Our three day schedule:

Day 1: Golden Circle

Day 2: South Coast

Day 3: Reykjavik and Blue Lagoon

Transportation: We rented a car for the trip. There are plenty of tours that leave from Reykjavik and return at the end of the day. I did enjoy the freedom of having our own rental. I have a couple of recommendations when choosing a rental car company. We rented from National. National is not in the airport. There is a bus that takes you to the other car rental locations. The bus ride is not far. That being said, I would recommend going with one in the airport. Avis, Budget, and Europcar were all located in the airport. I cannot recommend National. Once we arrived at their office, it took us approximately 1.5 to 2 hours to leave the building with the car. My travel partner even has status with National that would normally allow him to skip the wait line. They did not honor it even after making a request. When we walked in, there were over 20 people waiting. They were short staffed and operated at a snail’s pace. We did not have any issues with the car, but this hold up at the airport left a very unfortunate lasting impression about this company. Those two hours made us miss one stop on the Golden Circle and get to our hotel far later than we had planned. As you will read later, this made finding the hotel difficult.

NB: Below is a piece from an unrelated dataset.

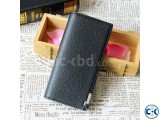 Bata Leather Trendy Bifold Wallet for Men - Black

Dependent upon the time of year, you may want to consider the following for your rental car booking. Make sure that the car is a 4X4 that has winter tires with spikes. This was important for us during October. The first day driving was treacherous, and we almost slid off the road due to ice. Also, the terrain can be unpredictable so ensure that you have purchased insurance to protect you from damage such as gravel, etc.

Weather: You can see the current weather conditions online and road closures. road. is is one of the websites I used prior to leaving and from the rental car company to check conditions before setting out. It lays out how difficult the roads are to pass in real time and notates closures. The day we arrived, weather conditions were poor. It was snowing and the roads became slick. At our first stop, there was ice and significant wind making it difficult to enjoy. Summer may be the best time to visit; however, this does limit chances of seeing the Northern Lights. The average temperature when we were there was between 30-40 degrees F. After the first day, the weather improved and we did not encounter any problems.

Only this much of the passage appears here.